わたくしには、明日世界が終わる、なんてわかりません。
未来なんてわからない。
明日、どうなるかなんてわからない。
世界が終わると言われても、信じない。
だって、未来なんてわかるはずないのですから。
それも、運命は変えられませんから。
だからわたくしは、明日世界が終わるなんていう事実を知る由もなく。
いつも通り、過ごすでしょう。
『君と出逢ってから』
君と出逢ってから、もう何年経つだろう。
今日も、空が青い。
今日も、風が気持ち良い。
私が君に伝えたいことは、ただ一つ。
君と出逢う前、私には何もなかった。
今日も、空は白くて
今日も、風は冷たい。
ただ、それだけの毎日。
そこから、何気ない,平坦な日常に色がつく。
大層な人間じゃない私を選んでくれた、
君へ。
理由はないけど、沢山笑って、沢山泣いて。
君が亡くなってから、何年経つだろう。
今日は、空が橙色だ。
今日は、風が暖かい。
私が君に伝えたいことは、ただ一つ。
愛している。
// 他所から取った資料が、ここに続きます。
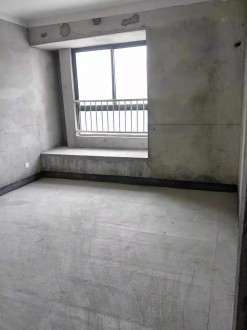 顺理佳苑 3室 109㎡ 82万 毛坯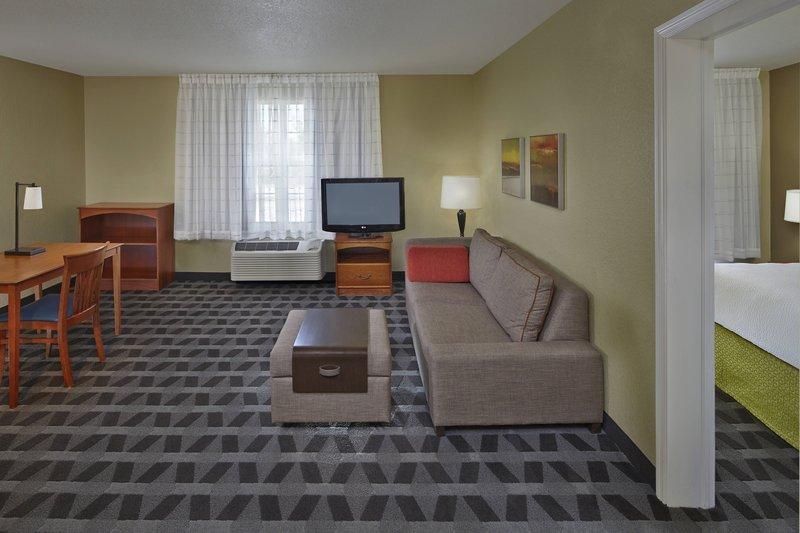 Towneplace Suites By Marriott St. Petersburg Clearwater Ngoại thất bức ảnh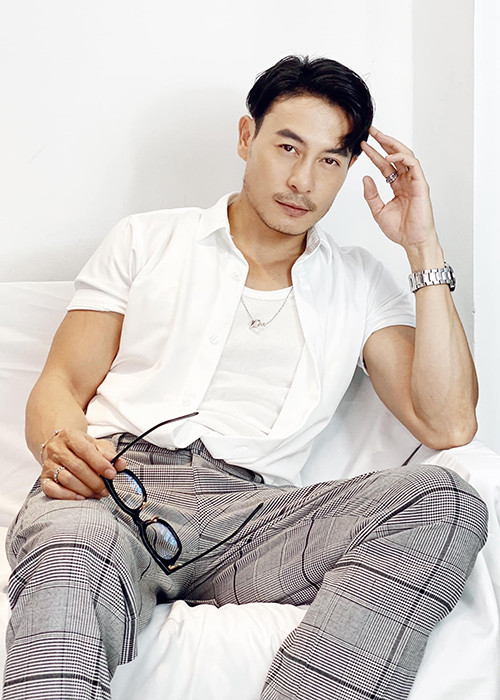 Ngọc Lan thú nhận rằng cô choáng ngợp trước vẻ điển trai và nam tính của Trương Thanh Long.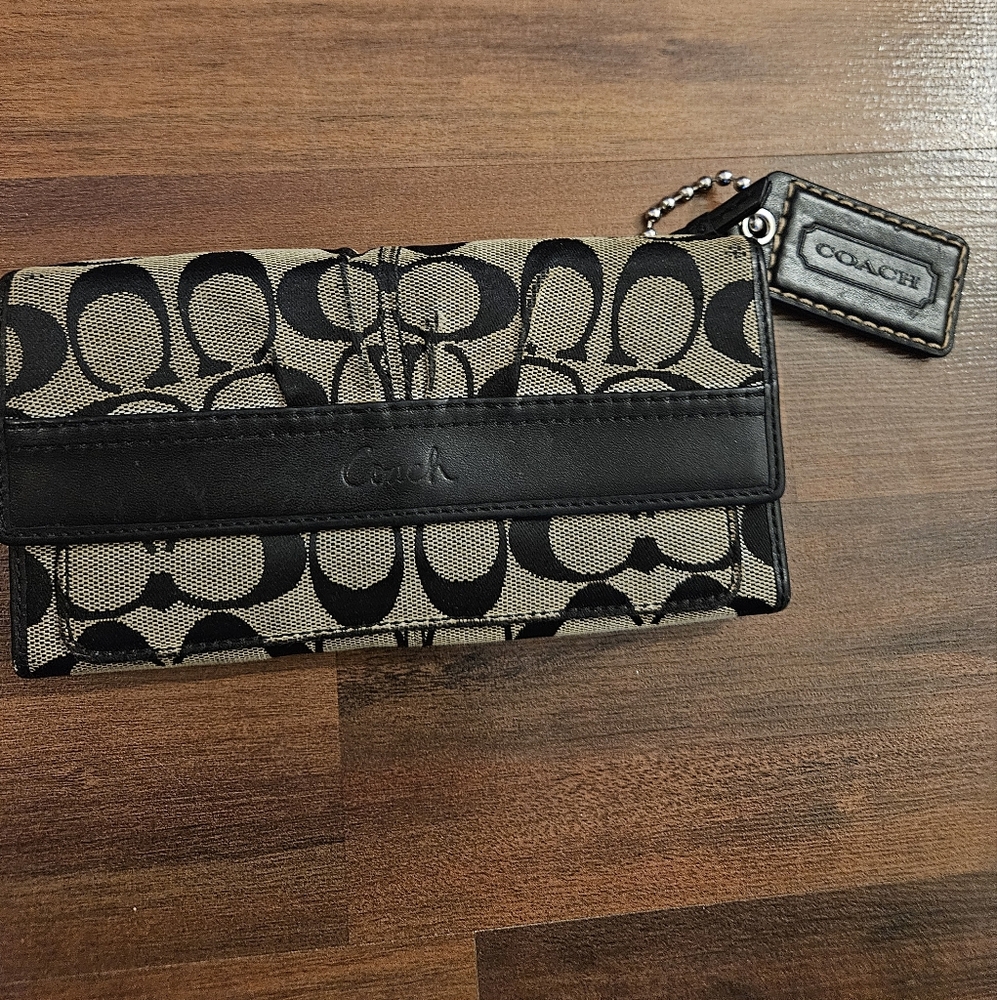 Coach Signature Wallet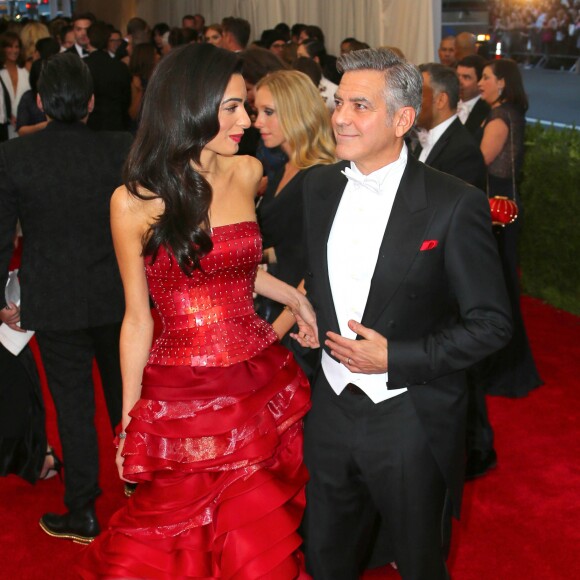 George Clooney et sa femme Amal Alamuddin Clooney à la Soirée Costume Institute Gala 2015 (Met Ball) au Metropolitan Museum célébrant l'ouverture de Chine: à travers le miroir à New York, le 4 mai 2015.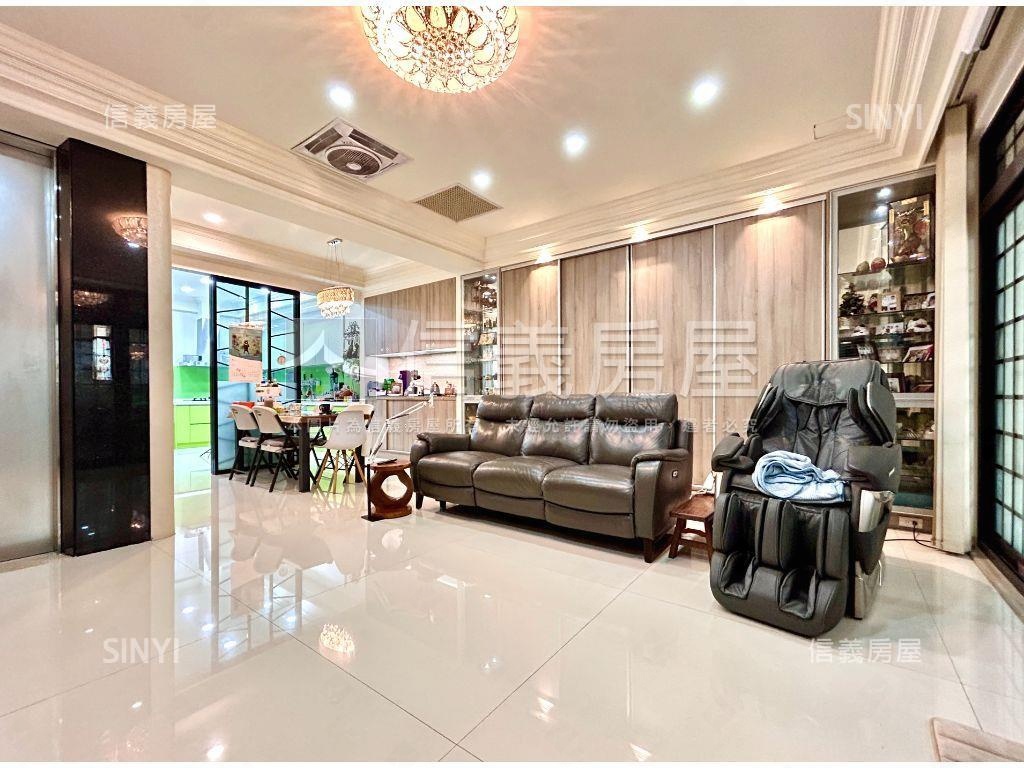 衛武營綠建築電梯雙車墅房屋室內格局與周邊環境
愛していた。
そして、今も 愛してる。
『耳を澄ますと』
耳を澄ますと、どこからか、聞こえてくる。
耳から感じとる自然の美。
それに加えて感じる、透き通るような風。
虫が鳴く音や川の流れる音。
すべてが、風と同じように耳から耳へ流れて消える。
そんな鮮明な記憶だけが、私の頭をよぎる。
いつからだろうか。
耳を澄ましても、もう自然は聞こえてこない。
自然の美など、感じやしない。
いつからだろうか。
耳を澄ましても、人の喋る声しか聞こえなくなってしまったのは。
いつからだろうか。
それくらい、あたりが都会になってしまったのは。
私はまた、耳を澄ます。
昔の音が、ただ静かに、ほのかに、頭をよぎった。